Korina y Piedad


¿En qué momento las mujeres dejamos de ser dueñas de nuestros cuerpos?


Se llama Korina Rivadeneira. Es modelo y conductora, y la semana pasada decidió ir con unas amigas a “El circo de los dioses” a divertirse. El espectáculo incluía la aparición de un grupo de hombres fornidos que interactuaban de manera algo atrevida con el público. Un típico show subido de tono, de esos que arrancan risas nerviosas y no mucho más. A Korina la invitaron a subir al escenario, y ella, con ciertos reparos, decidió seguirle la cuerda a los bailarines. La pasaban de mano en mano y, a medida que los movimientos se volvían más atrevidos, ella, visiblemente incómoda, decidió zafarse y regresar a su asiento. Fue entonces, mientras les daba la espalda, que uno de los hombres —en una grotesca señal de protesta— estiró la mano y le agarró el poto. La furia y el desconcierto de la modelo fueron evidentes, pero el sujeto siguió bailando como si nada.

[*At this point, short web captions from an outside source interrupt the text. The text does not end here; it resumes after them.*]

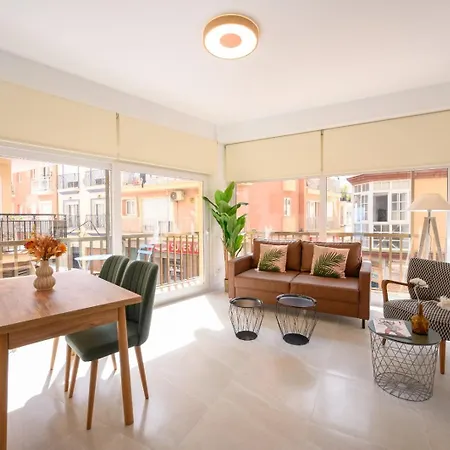 La Paz By 10tosea * Fuengirola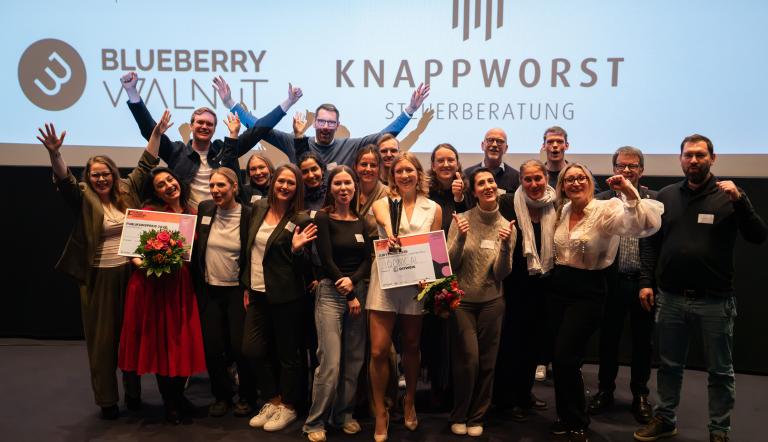 Gruppe von Menschen vor einer Kinoleinwand 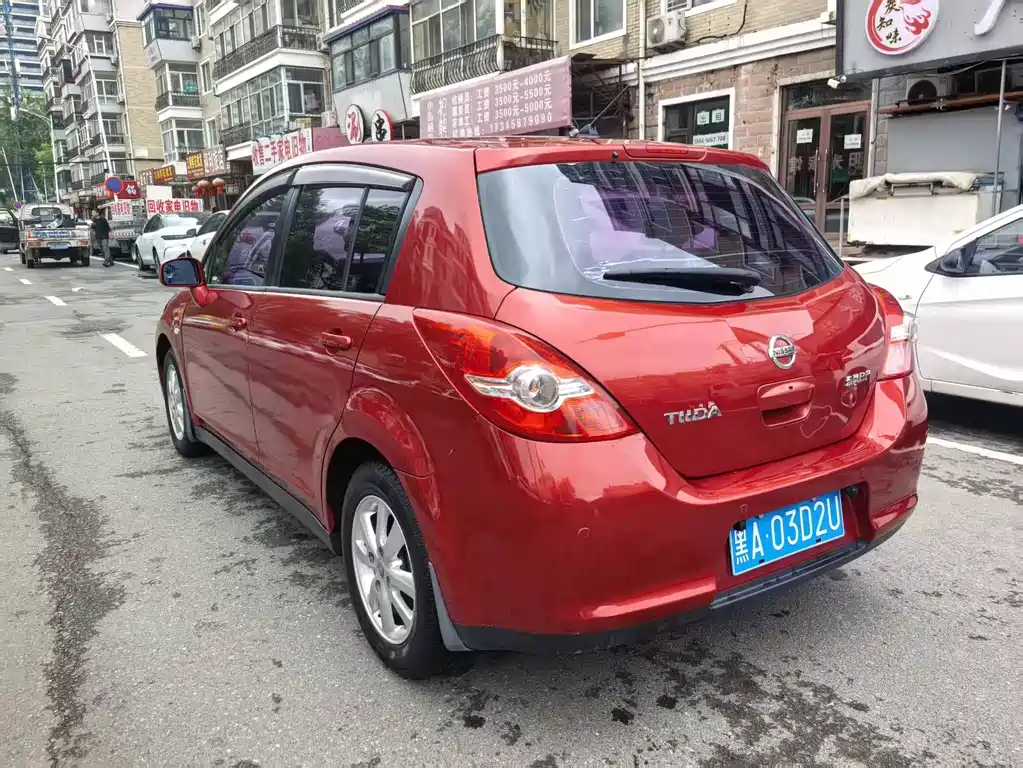 Nissan Tiida 2011 1.6L CVT Comfort
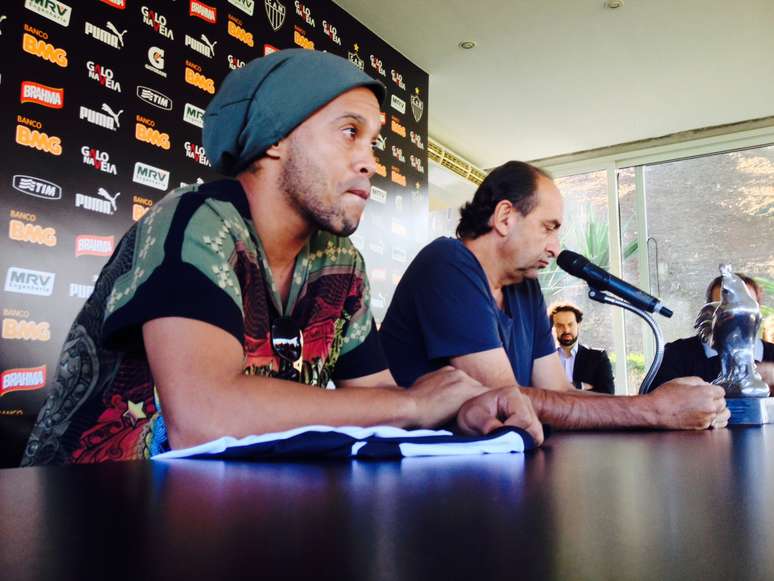 <p>Kalil admite que sa&iacute;da de Ronaldinho Ga&uacute;cho foi decis&atilde;o de Levir</p><p>&nbsp;</p>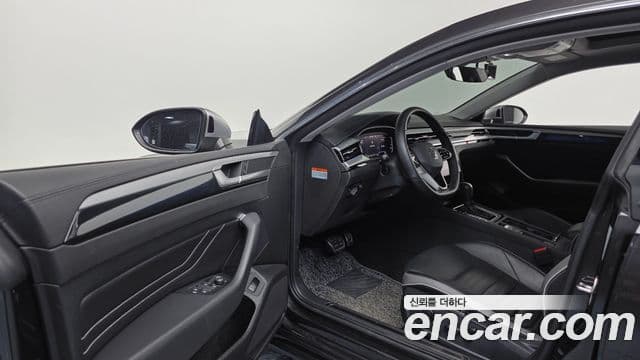 Volkswagen Arteon 2023 — Şəkil 10/20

Las consecuencias de este acto asqueroso ya las sabemos: las imágenes se hicieron virales, la municipalidad de Surco clausuró el circo, y el agresor tiene que enfrentar una denuncia por tocamientos indebidos. Hasta ahí, todo bien. Algo hemos avanzado: un manoseo ya no se pasa por agua tibia. Pero lo que me interesa analizar es lo que está detrás de este episodio.

Me refiero a la agotadora constatación de que el cuerpo de una mujer nunca es del todo suyo. Vivimos en un mundo donde las mujeres seguimos siendo tratadas como territorio disponible: nuestros cuerpos se miran, se juzgan, se comentan, se tocan. Salimos a la calle sabiendo que nos esperan miradas lascivas; subimos a un bus sabiendo que alguien podría pegársenos sin permiso; habitamos nuestros días conscientes de que nuestra apariencia será motivo de escrutinio: se evaluará nuestro peso, se debatirá sobre nuestras arrugas, se comentará el largo de nuestras canas.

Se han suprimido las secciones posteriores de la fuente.